Written by the kind of scriveners who don’t know the difference between ‘flaunt’ and ‘flout,’ the script is at least direct. An upper-class twit called Gaylion and a humble son of the soil called Farmer both want to be pilots. Needless to say, Gaylion has the easier time getting in, since he has spent his school-days ‘playing the right sort of games’ whereas Farmer has merely wasted his spare time mucking about with engines and aeroplanes. Thus the social issues are pointed up. It’s the way things were, but you could wish for more subtlety. Once at flying school, the two lads come under the influence of their instructor, Captain Triggers — a teeth-gritting neurotic straight out of ‘Goshawk Squadron.’ Triggers wants to tell the youngsters what a cauldron they’re about to fall into, but he has trouble getting his teeth apart. Farmer, with brains rather than breeding, catches on first: the idea is to slaughter the Hun.

Gaylion, with breeding rather than brains, finds this attitude dashed unsporting. ‘One can’t expect chaps of your class,’ he explains, ‘to appreciate matters of honour and chivalry and the proper conduct of gentlemen.’ But they will go on being friends. Over in France the enemy already prowls aloft, waiting to sort out the gentlemen from the players. Will there be a philosophical German pilot like the one in ‘Waldo Pepper’? Soon find out.

But the must series for the next three months is obviously going to be The Age of Uncertainty (BBC2), written and presented by John Kenneth Galbraith. Like many others who read ‘The Affluent Society’ when it first appeared, I have a great respect for Galbraith’s knack of making economics intelligible to the numerically half-witted. (That story about Sir Alec Douglas-Home moving matches about never struck me as funny. At least he knew which matches to move.) In this new block-buster series the same gift of clarity is still there. The only factor threatening to obscure it is the absurd lavishness of the production values.

Nothing Galbraith says is allowed to pass unillustrated, despite the fact that his prose has the virtue of illustrating itself. In the first episode, the line that struck home strongest was the one about the rich having a more acute sense of injustice than the poor.
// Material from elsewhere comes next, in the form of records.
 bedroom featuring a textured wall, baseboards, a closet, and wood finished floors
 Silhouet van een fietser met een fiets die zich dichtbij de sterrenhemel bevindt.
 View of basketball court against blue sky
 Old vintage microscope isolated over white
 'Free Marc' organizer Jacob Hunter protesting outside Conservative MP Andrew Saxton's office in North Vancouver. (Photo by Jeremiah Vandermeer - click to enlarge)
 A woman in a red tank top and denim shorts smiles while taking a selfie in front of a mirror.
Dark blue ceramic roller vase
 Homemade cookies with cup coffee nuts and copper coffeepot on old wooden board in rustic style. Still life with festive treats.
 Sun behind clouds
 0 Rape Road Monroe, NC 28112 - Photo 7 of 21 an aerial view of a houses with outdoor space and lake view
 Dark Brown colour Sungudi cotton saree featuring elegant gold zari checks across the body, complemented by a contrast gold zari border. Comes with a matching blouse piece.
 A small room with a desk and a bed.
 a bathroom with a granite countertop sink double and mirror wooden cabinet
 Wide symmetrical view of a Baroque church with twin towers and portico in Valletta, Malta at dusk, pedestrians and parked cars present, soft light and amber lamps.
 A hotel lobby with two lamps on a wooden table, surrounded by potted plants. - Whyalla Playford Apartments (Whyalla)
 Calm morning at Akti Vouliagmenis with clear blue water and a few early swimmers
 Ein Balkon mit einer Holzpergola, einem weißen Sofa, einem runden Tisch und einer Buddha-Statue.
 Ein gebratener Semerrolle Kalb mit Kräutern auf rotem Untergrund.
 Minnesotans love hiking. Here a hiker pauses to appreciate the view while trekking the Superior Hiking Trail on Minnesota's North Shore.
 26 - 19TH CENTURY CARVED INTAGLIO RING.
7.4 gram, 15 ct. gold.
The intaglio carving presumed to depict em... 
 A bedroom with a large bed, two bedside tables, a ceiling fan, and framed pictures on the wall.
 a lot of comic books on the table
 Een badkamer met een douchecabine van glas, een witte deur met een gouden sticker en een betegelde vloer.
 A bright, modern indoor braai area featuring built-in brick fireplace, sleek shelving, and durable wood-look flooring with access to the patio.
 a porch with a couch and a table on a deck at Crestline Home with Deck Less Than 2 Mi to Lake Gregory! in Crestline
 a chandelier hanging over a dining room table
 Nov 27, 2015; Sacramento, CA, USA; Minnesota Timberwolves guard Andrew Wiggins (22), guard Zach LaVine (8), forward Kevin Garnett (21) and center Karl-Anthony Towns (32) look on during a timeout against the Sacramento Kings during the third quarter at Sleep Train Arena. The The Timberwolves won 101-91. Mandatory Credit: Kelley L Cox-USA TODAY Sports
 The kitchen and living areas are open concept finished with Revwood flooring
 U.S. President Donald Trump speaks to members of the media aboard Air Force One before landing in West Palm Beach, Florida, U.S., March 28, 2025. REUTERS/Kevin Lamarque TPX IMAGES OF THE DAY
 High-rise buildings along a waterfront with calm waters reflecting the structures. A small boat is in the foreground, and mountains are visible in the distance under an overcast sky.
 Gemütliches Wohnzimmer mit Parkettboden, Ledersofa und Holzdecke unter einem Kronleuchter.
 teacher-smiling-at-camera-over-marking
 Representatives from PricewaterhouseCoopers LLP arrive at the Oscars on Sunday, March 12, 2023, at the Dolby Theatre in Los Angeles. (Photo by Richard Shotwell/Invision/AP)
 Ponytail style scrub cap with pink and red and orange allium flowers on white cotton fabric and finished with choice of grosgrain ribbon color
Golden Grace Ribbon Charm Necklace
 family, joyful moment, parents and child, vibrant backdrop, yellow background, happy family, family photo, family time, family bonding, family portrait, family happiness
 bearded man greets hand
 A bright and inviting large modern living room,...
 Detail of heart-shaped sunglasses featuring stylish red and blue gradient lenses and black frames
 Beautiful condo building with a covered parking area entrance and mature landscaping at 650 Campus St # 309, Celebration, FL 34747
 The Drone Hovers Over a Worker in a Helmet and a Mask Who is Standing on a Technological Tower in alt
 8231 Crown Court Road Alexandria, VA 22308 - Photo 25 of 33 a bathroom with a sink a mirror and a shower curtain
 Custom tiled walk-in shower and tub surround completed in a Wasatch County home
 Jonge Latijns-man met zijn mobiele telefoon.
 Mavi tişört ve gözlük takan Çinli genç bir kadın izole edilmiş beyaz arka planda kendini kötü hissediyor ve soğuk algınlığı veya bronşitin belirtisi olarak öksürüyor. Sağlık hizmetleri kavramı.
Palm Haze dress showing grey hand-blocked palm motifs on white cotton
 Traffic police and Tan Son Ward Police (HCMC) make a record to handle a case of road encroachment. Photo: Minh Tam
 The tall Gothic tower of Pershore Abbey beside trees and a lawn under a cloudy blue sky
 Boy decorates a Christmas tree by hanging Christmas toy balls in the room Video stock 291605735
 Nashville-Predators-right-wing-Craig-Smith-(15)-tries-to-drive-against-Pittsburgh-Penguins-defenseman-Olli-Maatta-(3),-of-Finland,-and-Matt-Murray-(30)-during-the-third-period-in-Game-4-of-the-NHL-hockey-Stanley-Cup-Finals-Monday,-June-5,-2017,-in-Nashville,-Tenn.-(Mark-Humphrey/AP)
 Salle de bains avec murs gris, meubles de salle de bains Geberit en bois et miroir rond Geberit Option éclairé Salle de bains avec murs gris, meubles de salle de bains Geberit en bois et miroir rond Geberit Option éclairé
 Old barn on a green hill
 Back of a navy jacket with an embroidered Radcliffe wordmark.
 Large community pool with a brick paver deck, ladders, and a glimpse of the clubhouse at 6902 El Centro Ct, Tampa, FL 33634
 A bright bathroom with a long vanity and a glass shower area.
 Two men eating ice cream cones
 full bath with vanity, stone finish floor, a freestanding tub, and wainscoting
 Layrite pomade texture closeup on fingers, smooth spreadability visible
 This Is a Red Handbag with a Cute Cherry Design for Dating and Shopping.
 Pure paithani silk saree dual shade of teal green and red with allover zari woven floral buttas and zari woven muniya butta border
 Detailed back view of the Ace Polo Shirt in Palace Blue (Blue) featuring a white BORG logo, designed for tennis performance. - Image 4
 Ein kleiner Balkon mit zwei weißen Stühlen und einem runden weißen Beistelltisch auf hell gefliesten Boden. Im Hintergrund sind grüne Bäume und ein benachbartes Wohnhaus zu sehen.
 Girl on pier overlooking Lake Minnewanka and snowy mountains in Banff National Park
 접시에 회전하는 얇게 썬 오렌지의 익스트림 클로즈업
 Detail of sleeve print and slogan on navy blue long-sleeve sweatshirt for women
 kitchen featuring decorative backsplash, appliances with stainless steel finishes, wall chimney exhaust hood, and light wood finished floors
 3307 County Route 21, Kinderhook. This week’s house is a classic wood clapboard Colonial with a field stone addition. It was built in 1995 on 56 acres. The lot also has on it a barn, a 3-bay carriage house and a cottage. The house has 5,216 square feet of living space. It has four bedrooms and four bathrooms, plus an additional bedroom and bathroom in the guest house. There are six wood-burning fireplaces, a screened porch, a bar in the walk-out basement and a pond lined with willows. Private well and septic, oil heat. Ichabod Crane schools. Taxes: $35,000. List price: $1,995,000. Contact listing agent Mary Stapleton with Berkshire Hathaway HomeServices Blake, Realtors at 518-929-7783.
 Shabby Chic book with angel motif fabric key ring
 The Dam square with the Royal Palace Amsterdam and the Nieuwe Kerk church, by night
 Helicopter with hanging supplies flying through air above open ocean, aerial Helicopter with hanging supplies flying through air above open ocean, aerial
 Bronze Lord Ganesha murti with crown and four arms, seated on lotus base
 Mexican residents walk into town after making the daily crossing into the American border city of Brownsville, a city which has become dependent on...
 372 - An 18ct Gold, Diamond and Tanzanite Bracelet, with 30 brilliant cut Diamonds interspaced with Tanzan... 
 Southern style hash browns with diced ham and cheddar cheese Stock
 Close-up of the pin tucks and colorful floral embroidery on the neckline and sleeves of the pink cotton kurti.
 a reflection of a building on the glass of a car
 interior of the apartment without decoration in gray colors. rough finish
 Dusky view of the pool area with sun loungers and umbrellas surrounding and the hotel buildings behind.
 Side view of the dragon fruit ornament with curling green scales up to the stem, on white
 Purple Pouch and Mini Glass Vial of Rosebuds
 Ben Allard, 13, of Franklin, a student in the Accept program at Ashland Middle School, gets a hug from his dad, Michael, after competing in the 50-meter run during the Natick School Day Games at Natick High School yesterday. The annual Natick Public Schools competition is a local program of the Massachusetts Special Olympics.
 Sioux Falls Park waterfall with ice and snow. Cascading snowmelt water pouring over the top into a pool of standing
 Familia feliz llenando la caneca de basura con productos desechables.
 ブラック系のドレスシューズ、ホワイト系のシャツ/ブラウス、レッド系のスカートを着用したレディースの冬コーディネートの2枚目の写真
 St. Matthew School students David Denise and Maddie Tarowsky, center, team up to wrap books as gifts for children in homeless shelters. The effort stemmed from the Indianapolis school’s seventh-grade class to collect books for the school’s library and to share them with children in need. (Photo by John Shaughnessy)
The idea stood out because for once we were allowed to dwell on it, without being shown an actor, dressed up as a rich man, evincing a more acute sense of injustice, while another actor, dressed up as a poor man, evinced a less acute sense of injustice, both actors standing in the middle of a map of Europe decorated with graphs indicating wealth by lit-up rows of bulging money-bags and poverty by lit-up rows of empty grain-sacks, while a flashing arrow bobbled up and down on a scale marked with degrees of injustice, the whole set having been built on the back of a lorry, which a long pull-back by the crane camera revealed to he travelling through outer Mongolia.

Pinter’s The Lover (Yorkshire) was a more substantial revival than the recent ‘The Collection.’ As a married couple supplying fantasy-figures for each other in the afternoons, Vivien Merchant and Patrick Allen coped doggedly with the various levels of unreality. The famous Merchant legs looked good in stilettos and the famous Allen voice was still adding an ‘m’ sound to every word: ‘By the waym’ and ‘Let’s have some brandym.’ It remained doubtful whether Pinter’s agility in switching moods matched the audience’s agility in switching off.

The second instalment of Wildlife on One (BBC1, stupid title) was gripping about sharks, as opposed to the first instalment, which was funny about Midway Island, populated by imbecilic birds with names like gooney, the nodder, the dullard and the dolt. According to Hoyle (BBC2) was an overblown tribute to the famous astronomer, unwatchably eked out by dramatised episodes from his novels. Guilty or Innocent (Thames) was a passable American documentary about a murder case, starring George Peppard. He wasn’t guilty but he wasn’t all that wonderful, either. Ambiguity, etc.

There was an, interesting Lively Arts (BBC2) about the Rupert Foundation conductors’ competition. The young winner gave an eloquent account of Beethoven’s First. But who was Rupert Foundation? ‘Bouquet of Barbed Wire’ is back, now called Another Bouquet (LWT). By my calculations, all done with matches, in three more episodes everybody Will have screwed everybody.